Wat maar aantoont dat domotica niet in alleen de b-to-b markt zijn nut bewijst, maar zeker ook in de woningmarkt. “Straks zou bijvoorbeeld je energieleverancier jouw woning kunnen gaan beheren zodat jij als consument een zo laag mogelijke energierekening krijgt. Het zou overigens net zo goed je telefonie- of internetprovider kunnen zijn, want diverse aanbieders zullen met elkaar gaan concurreren wie de ‘klanteigenaar’ wordt. De consument krijgt dan nog slechts één aanspreekpunt voor zowel gas en elektra als tv, telefonie en internet: alles wat een ‘connected home’ comfortabeler, effectiever en efficiënter maakt voor de bewoner(s). Die werelden groeien naar elkaar toe.” Kuppens noemt het de volgende stap na triple play: niet alleen telefonie, tv en internet via één leverancier, maar ook alle andere faciliteiten. En dit alles inzichtelijk gemaakt via internet. 

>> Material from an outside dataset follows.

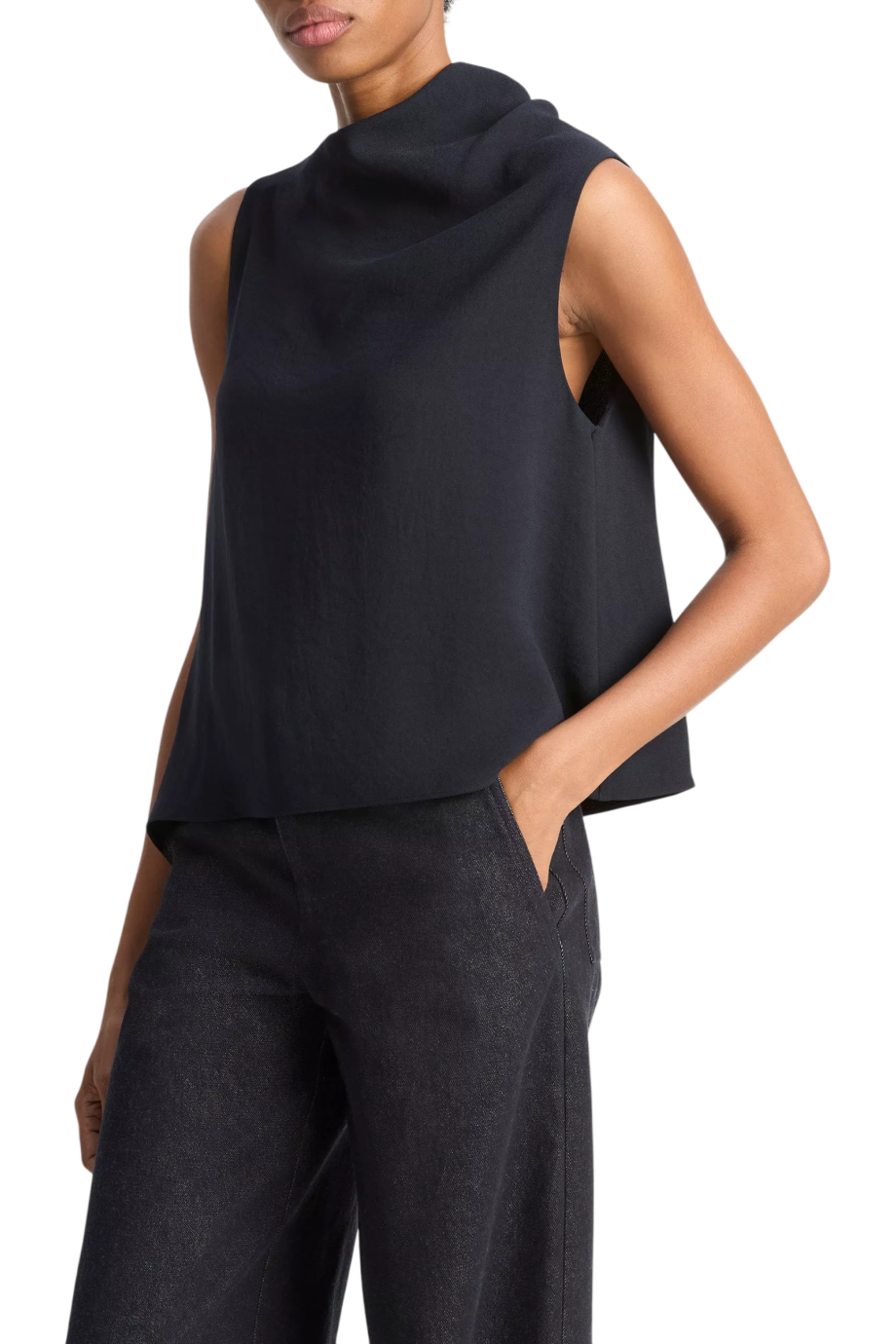 Draped asymmetric sleeveless top in black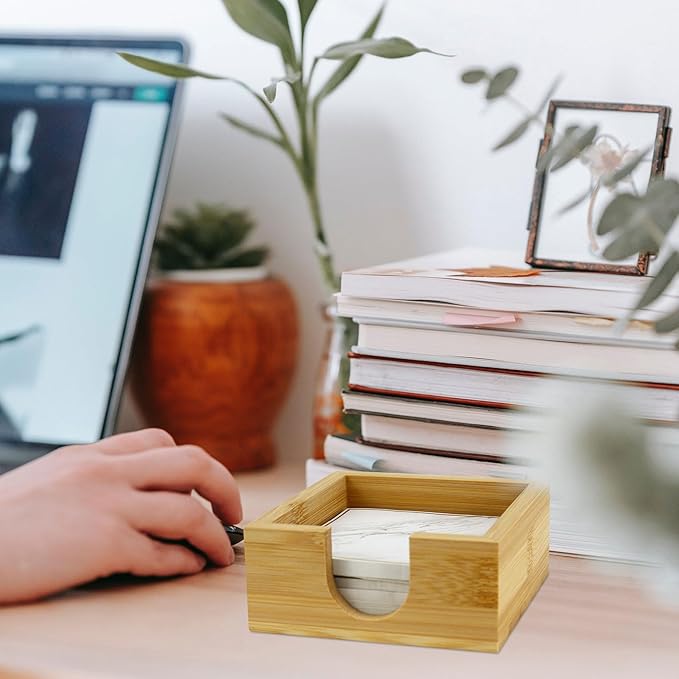 MultiBey Bamboo Sticky Note Holder, Wood Post It Note Dispenser & Desk Organizer, Natural Wood Color Office Accessories for Home, School, Office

Het voorbeeld uit Italië laat zien dat domotica een belangrijke rol kan gaan spelen in het terugdringen van het energieverbruik. Te meer omdat door de integratie van verschillende systemen deze beter op elkaar kunnen worden afgestemd, meent Kuppens. “Nu zijn airco’s en verwarmingen nog volledig gescheiden. Te gek voor woorden natuurlijk. Kijk maar eens in kantoren hoe vaak de ene ruimte wordt gekoeld, terwijl in de andere de verwarming aan staat.”

Bedrijven moeten beter nadenken hoe ze bijvoorbeeld de overtollige warmte uit hun datacenter kunnen hergebruiken elders in het gebouw. De meeste datacenters worden nu inefficiënt gekoeld met lucht, waarbij de airco wordt afgestemd op de temperatuur op de warmste plek in een datacenter. Overal wordt in dezelfde mate gekoeld, waardoor het op bepaalde plaatsen in het datacenter gewoon koud is, terwijl op andere plaatsen de airco het maar ternauwernood aan kan. “Dit soort situaties kun je nu inzichtelijk maken en daardoor beter managen. Je kunt warmte die je op de ene plek teveel hebt, op een andere plek hergebruiken. Dat zullen we ook wel moeten, want anders krijgen veel datacenters straks een gigantisch probleem met hun energievoorziening, zeker in de zomer”, zegt Kuppens.